Many years ago when I was preparing for a career in food-service management, I ran across a useful concept developed by Japanese manufacturers: Just-in-time production. It's defined by the Institute for Manufacturing at the University of Cambridge as "a management philosophy and not a technique." Originally referring to the "production of goods to meet customer demand exactly in time, quality and quantity," it's now used by many management professionals as a "means of producing with minimum waste," which is understood to include time, resources, and materials. Does it sound like a win-win scenario? Japan's own Toyota Corporation sure thought so and implemented this philosophy dreamed up by Taiichi Ohno, now known as the Father of JIT.
At that time in my life, it (JIT) was just another acronym--skeleton of a word--to absorb and memorize for a test. Now I understand its full implication for me as a gardener, a consumer, a wife, a mother, a student...

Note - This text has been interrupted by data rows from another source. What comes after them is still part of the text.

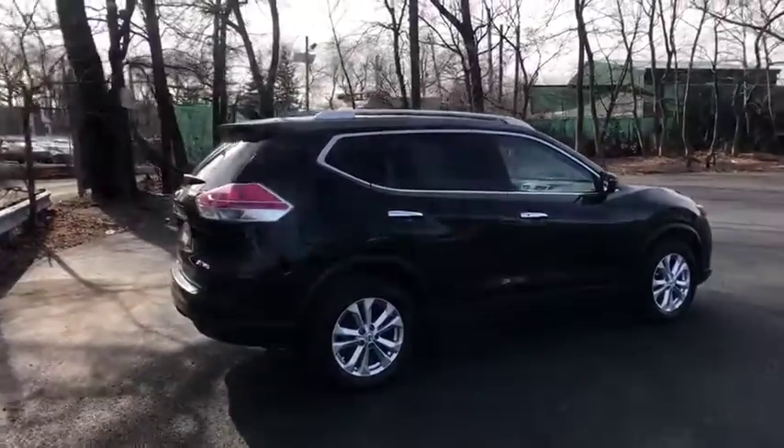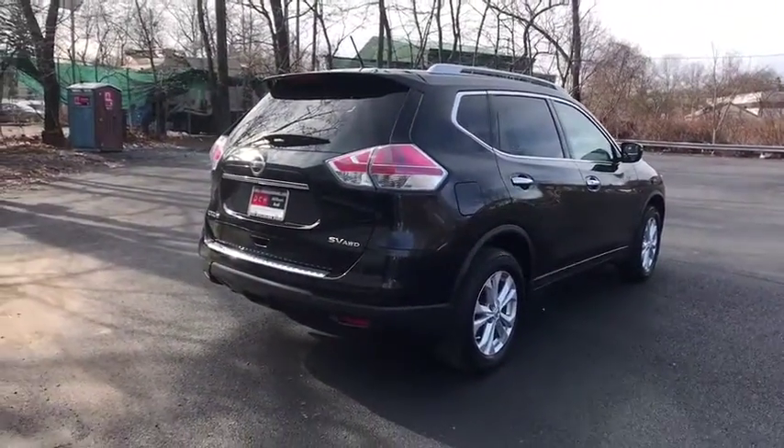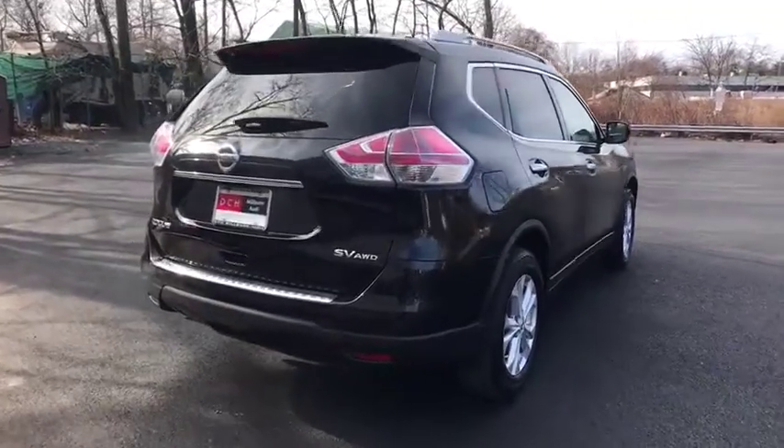With a five-star side impact safety rating and competent handling, the Rogue is more than you expect and everything you deserve.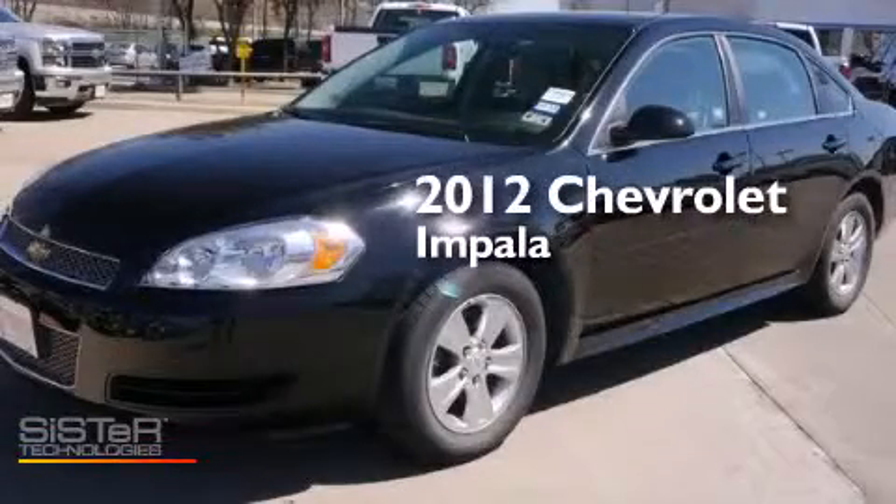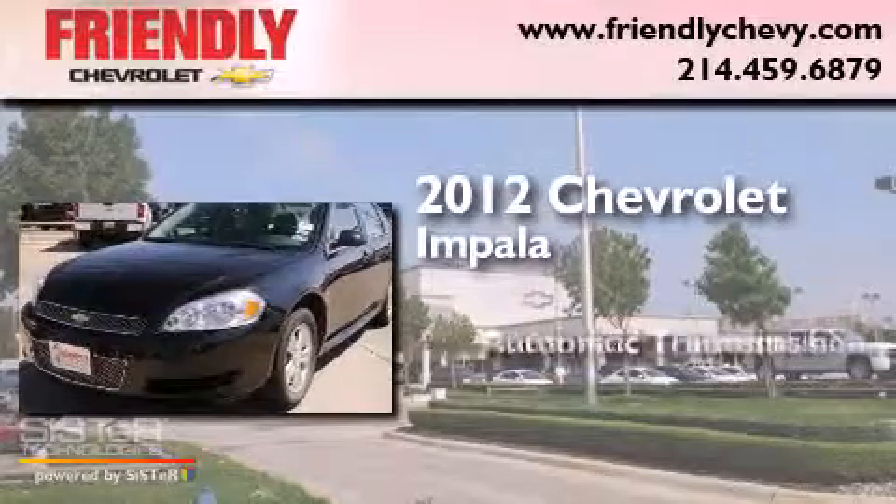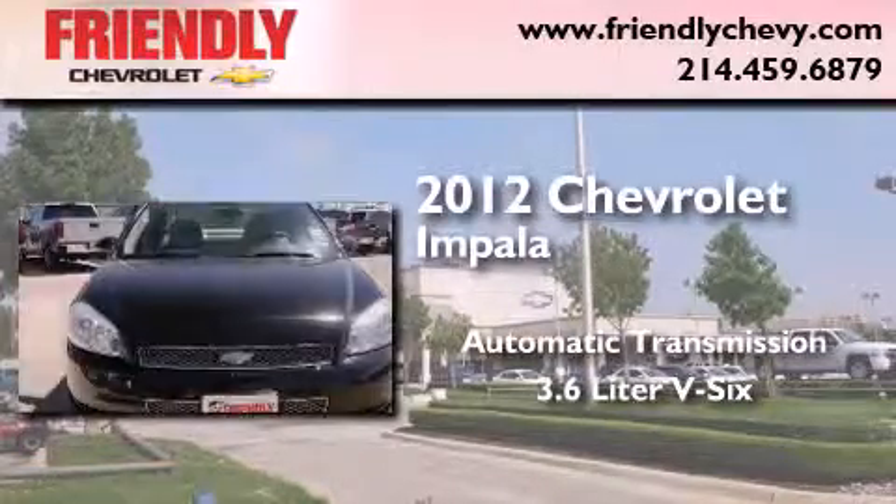This is a 2012 Chevrolet Impala. This four-door sedan has an automatic transmission and a 3.6-liter V6.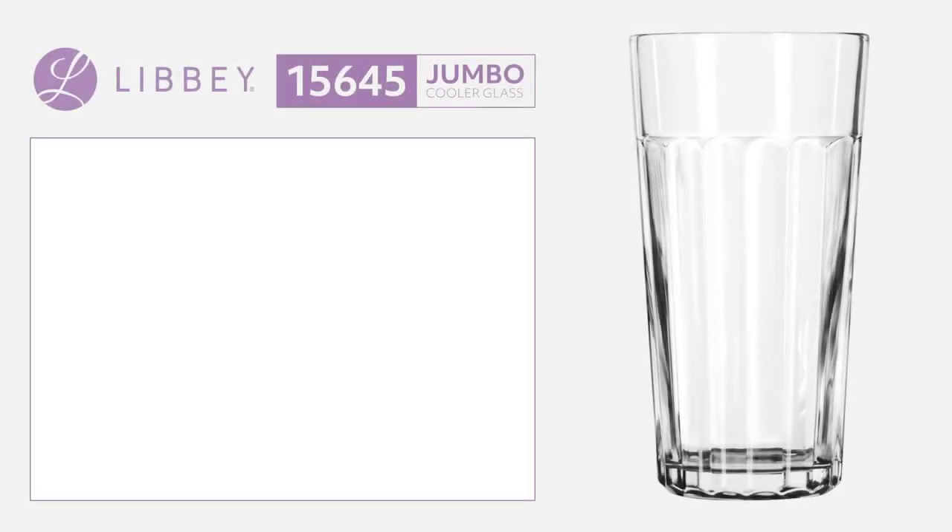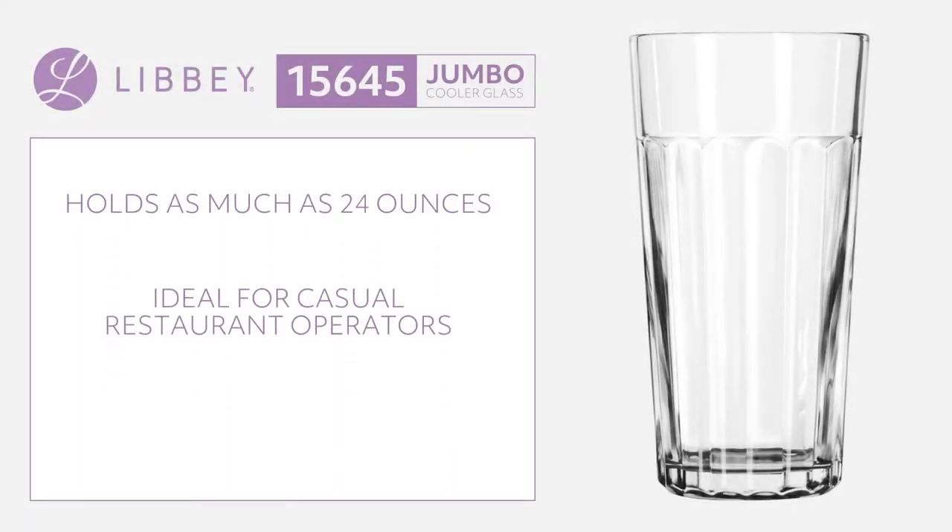The Libbey 15645 jumbo cooler glass can hold as much as 24 ounces, making it ideal for casual restaurant operators who would like to reduce the amount of refills their servers have to carry back and forth.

Looking at the picture of SAM and me in my last post gave me an idea. Why not use time to improve the way we consume food and thereby enhance our productivity and, ultimately, appearance? I'm talkin' bloat here, right now.

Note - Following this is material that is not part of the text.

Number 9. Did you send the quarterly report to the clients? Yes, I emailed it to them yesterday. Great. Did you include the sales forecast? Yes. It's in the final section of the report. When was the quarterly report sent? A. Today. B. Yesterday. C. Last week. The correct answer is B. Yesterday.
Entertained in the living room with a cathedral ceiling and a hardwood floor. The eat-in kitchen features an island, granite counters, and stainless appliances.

Over the years, I've noticed that if I eat certain foods at certain times of the day, my digestive system strongly objects. Ahem! I could clear a room in five seconds, if you know what I mean. I didn't understand the correlation between time and food. Now I do.
According to Marcella Vonn Harting's book "Yes, No, Maybe" Chronobiotic Nutrition, instead of dieting, we should be concerned with "being on time in time all the time" and "celebrate eating foods at precise times of day for specific health results." Our body processes, as in every living thing, are governed by circadian rhythms. Light and darkness affect us mentally, physically, and behaviorally. They also affect the things that grow that we consume: plants and animals. The sun and the moon, solar and lunar effects, somehow tell our bodies when to produce certain enzymes, hormones, and proteins that keep us going, strong or not, depending on what and, most importantly, when we ingest.
I'm about a third of the way through the book and just started following the dietary recommendations at the beginning of this week, so it's too early to tell if things are changing for the better. And this week is a strange one in the scheme of things. The last few days' schedule are a little mixed up. Ordinarily, we would eat "Tree" things like tree fruits and nuts first thing in the morning; "Shrub" things like veggies, vine fruits, meat protein, and dairy products for lunch; and "Root" items like carrots, potatoes, turnips, parsnips, seafood, and eggs for dinner. The first few days before the full moon and the first few days after it mix things up. Right now we're supposed to be eating "Roots" in the morning. Okay, eggs and potatoes seem like good breakfast items but shrimp, carrots, and onions? SAM is not entirely on board with this idea. He's a little concerned about the onions I added to the mix this morning. They're somewhat of a deterrent to social interaction, especially at the office.
|SAM's fluorite octahedron|
Now if only rocks like this octahedron were part of the plan, SAM the geologist would be grateful for my efforts to improve our nutrition. Nah, they're too pretty and, according to SAM, valuable to eat.